The music getting everyone pumped for Day 1 of CMA Live 2018
Rather than review each presentation individually, I thought I’d talk about my key takeaways from the conference and what that might mean for you, a business owner.
Marketing in 2018
As you would expect, there are talks on a range of topics at CMA Live but I often find there are key themes which run through a conference such as this and for me, the messages which kept cropping up during the talks were as follows:
- Understanding Your Customer
- Creating Standout Content
- Taking action with content (and video, definitely video)
- Building Relatability and Trust
Working back from the Customer
When I sat and reflected on the content I heard during those two days in the Hub Conference centre, I felt there was a clear process starting to form in my head.
- Your Personality -> Your Content -> Your Customer
- Your Personality <- Your Content <- Your Customer
The process which began to formulate in my head was to work back from the customer. Start with the customer in mind – it sounds obvious, but the fact it came up in so many of the talks suggests that we aren’t doing this enough.
Questions such as, “How well do you understand your customer?”, “Who do you serve? and “Who is your perfect customer?” came up in talks on Niche Marketing, Sales and Writing.
It wasn’t just about creating a persona, either. They are useful but they aren’t always entirely useful. You write a detailed persona about your ideal customer – Terry. You describe his life, his wife, his trouble ‘n’ strife (Ed – couldn’t think of anything else that rhymed) and of course you mention his Cocker Spaniel, Nigel. Thing is – how important is Nigel to your content? He’s probably not (“Sorry Nigel”………”woof!”).
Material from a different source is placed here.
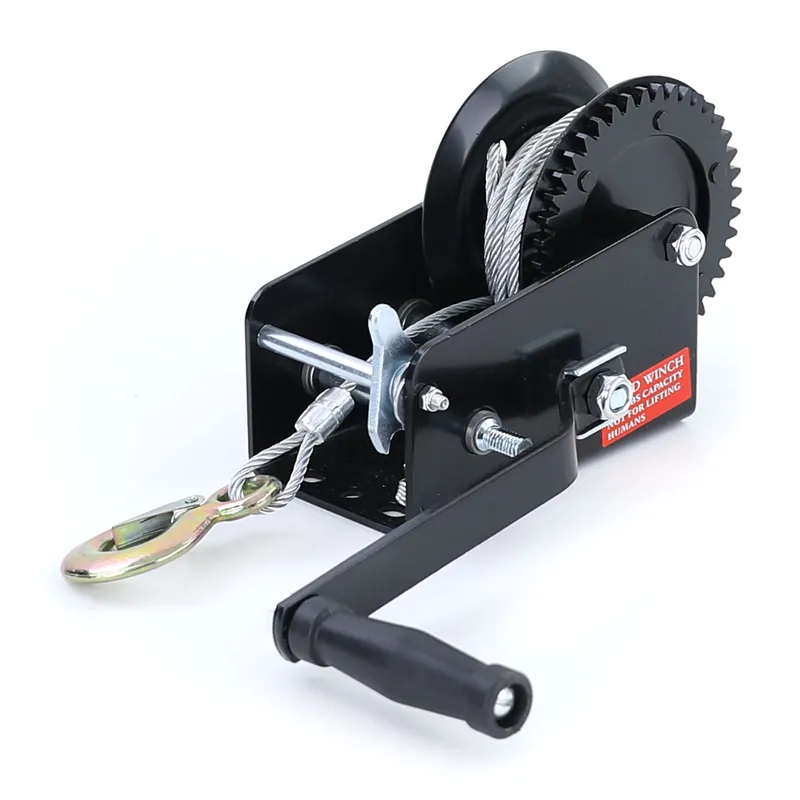 Winch manual pentru remorcă, cablu negru cu 10 metri de cablu de oțel, 900 kg Discount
If personas aren’t always entirely useful what else can you use? Answer: data. What meaningful data do you have about your ideal/best customer? What information do you have that you can use to write content FOR THEM? Ann Handley, an expert writer and marketer told us to write to a person, not a persona.
However, it wasn’t just about knowing who they are. No, it was about really understanding them. What are their problems? What does the world look like for them after they’ve used your service, or paid for your product?
There were some home truths, a dose of reality. Brian Fanzo said, “What you do is boring”. Chris Brogan essentially said “Nobody is sat at home waiting for your blog post. Nobody gives a shit about your content…until they need it”.
What does this actually mean? It means that all your customers care about is their world, their problems. You have to consider those problems with your content. Deliver content which lets them know you have the solutions to those products, show them how the world looks like after they’ve used your service and make sure that content makes the whole process an experience. Show them the transformation (Amy Harrison).
Chris Brogan also explained that if you can show them the transformation and then deliver on that promise they’ll do your content marketing for you via the word-of-mouth marketing and eulogising they’ll provide for you.
So, back to the original question, how well do you understand your customer?
This was a Content Marketing conference so of course there was a lot of content…on content.
There were very strong messages around creating content that stands out, being creative, aligning your content with your customer’s outcomes and providing the content that your audience needs.
The internet is flooded with content. So how are you going to stand out? What can you do creatively to ensure that your content catches the attention of your audience rather their attention being grabbed by some other piece of content?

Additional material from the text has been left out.